Hildegards Empfehlungen zur Behandlung von Kopfschmerzen und Migräne

Hildegard von Bingen offerierte eine Vielzahl von Rezepten und Anwendungen zur Behandlung von Kopfschmerzen und Migräne. Ihre Empfehlungen umfassen sowohl äußerliche Anwendungen als auch innerliche Einnahmen von Kräutern und anderen natürlichen Substanzen. Einige Beispiele sind im Folgenden aufgeführt:

Äußerliche Anwendungen

  • Tannensalbe: Obwohl in der populärwissenschaftlichen Literatur oft für Kopfschmerzen empfohlen, war diese Salbe nach Hildegard eigentlich für andere Beschwerden gedacht. Sie empfahl sie bei "gichtbrüchigen, hirnwütigen oder wahnsinnigen" Zuständen.
  • Aloe-Myrrhe-Teig: Bei Migräne empfahl Hildegard einen Teig aus Aloe, Myrrhe, Semmelmehl und Mohnöl, der auf den gesamten Kopf aufgetragen und unter einer Mütze drei Tage und Nächte belassen werden sollte.
  • Zitwerwurzelstock-Pulver: Bei starken Kopfschmerzen sollte ein in ein Tüchlein gebundenes und in Wasser durchfeuchtetes Pulver des Zitwerwurzelstockes auf Stirn und Schläfen aufgetragen werden.
  • Salbei-Malve-Öl: Bei Kopfschmerzen, die durch "Schwarzgalle" verursacht werden, empfahl Hildegard eine Salbe aus zerstoßener Malve und Salbei, übergossen mit Olivenöl.

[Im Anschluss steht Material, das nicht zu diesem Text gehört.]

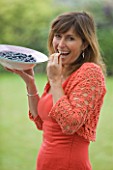DESIGNER CLARE MATTHEWS: CLARE HOLDING A BOWL OF BLUEBERRIES AND ABOUT TO EAT A BLUEBERRY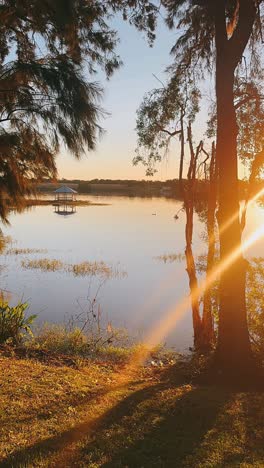 sunset gazebo on a calm lake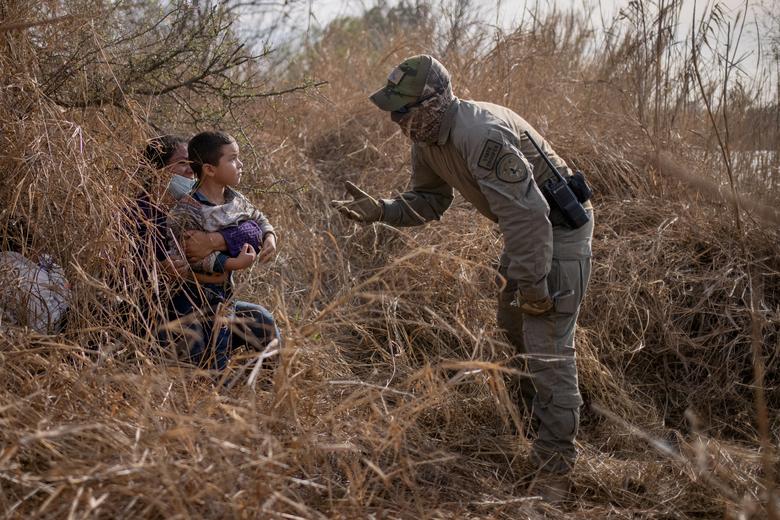 La policía estatal de Texas pide a los migrantes en busca de asilo Edith y su hijo Harbin Ordóñez, de 4 años, que salgan de su escondite después de que los hondureños cruzaron el Río Bravo hacia los Estados Unidos desde México en una balsa en Penitas, Texas.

Diese sollte von der Stirn über den Scheitel bis zum Hinterhaupt aufgetragen und mit einem Tuch umbunden werden.
  • Veilchensaft-Öl: Eine Salbe aus Veilchensaft, Olivenöl und Bockstalg sollte quer über die Stirn gerieben werden.
  • Wermutwein: Bei Kopfschmerzen empfahl Hildegard, den Kopf mit Wermutsaft in warmem Wein zu befeuchten und mit einer Wollkappe zu bedecken.
  • Eibisch-Salbei-Öl: Eine Salbe aus Eibisch, Salbei und Olivenöl sollte vor dem Auftragen auf die Stirn erwärmt und der Kopf anschließend mit einem Tuch verbunden werden.
  • Apfelbaum-Öl: In Olivenöl eingelegte Sprossen des Apfelbaumes, die in der Sonne erwärmt wurden, sollten zur Behandlung von Migräne auf das Haupt aufgetragen werden.
  • Pfirsichharz-Teig: Bei Kopfschmerzen sollte Weizenteig mit zerlassenem Pfirsichharz warm auf den Scheitel gelegt werden.
  • Lorbeerbeeren-Wein: Zerstoßene Lorbeerbeeren sollten mit Wein vermischt und auf Schläfen und Haupt aufgetragen werden.
  • Olivenöl-Nachtschatten-Brennnessel-Salbe: Eine Salbe aus Olivenöl, Rosenwasser, Nachtschattenfrucht und Brennnessel sollte auf Scheitel, Stirn und Schläfen aufgetragen und mit einer Wachsbinde umwickelt werden.
  • Weinstock-Saft-Öl: Saft vom Abschneiden der Reben, vermischt mit Olivenöl, sollte auf das Haupt aufgetragen werden.
  • Käuzchenleber-Pulver: Ein Pulver aus getrockneter Käuzchenleber mit Fenchelfrüchten und Bockshornkleesamen sollte in einem Tuch auf Stirn und Schläfen gebunden werden.
  • Elefanten-Stirnbein: Ein in der Sonne erhitztes Stirnbein des Elefanten sollte auf das Haupt gelegt werden.
  • Dachsleber-Salbe: Eine Salbe aus Dachsleber, Dachsfett, Gichtbaum und Eberraute sollte auf Nacken, Hals, Schläfen und Stirn eingerieben werden.
  • Wieselherz-Wachs: Ein getrocknetes Wieselherz, dünn mit Wachs umhüllt, sollte kurzzeitig auf die Ohren gelegt werden.
  • Edelsteine: Smaragd, Sarder, Karfunkel und Perle wurden auf unterschiedliche Weise äußerlich angewendet.

Innerliche Anwendungen

  • Gerste: In Wasser gekochte Gerste sollte gegessen werden, um dem "Brennen und Wüten des Kopfschmerzes Widerstand zu leisten".
  • Weiße Erbsen: Zerbissene weiße Erbsen, mit Honig vermischt, sollten auf die Schläfen aufgetragen werden.
  • Reiherschnabel-Pulver: Ein Pulver des Reiherschnabels sollte zusammen mit Salz auf einem Brot gegessen werden.
  • Hirschzungenfarn-Pulver: Getrocknete und zerstoßene Hirschzunge sollte nüchtern und nach dem Essen von der Hand geleckt werden.
  • Muskateller-Salbei: In Wasser gekochter Muskateller-Salbei sollte heiß auf den Kopf gelegt und mit einem Tuch bedeckt werden.
  • Weihrauch-Törtchen: Weihrauch-Törtchen sollten unter die Nase gehalten werden.
  • Mandeln: Die inneren Kerne von Mandeln sollten oft gegessen werden.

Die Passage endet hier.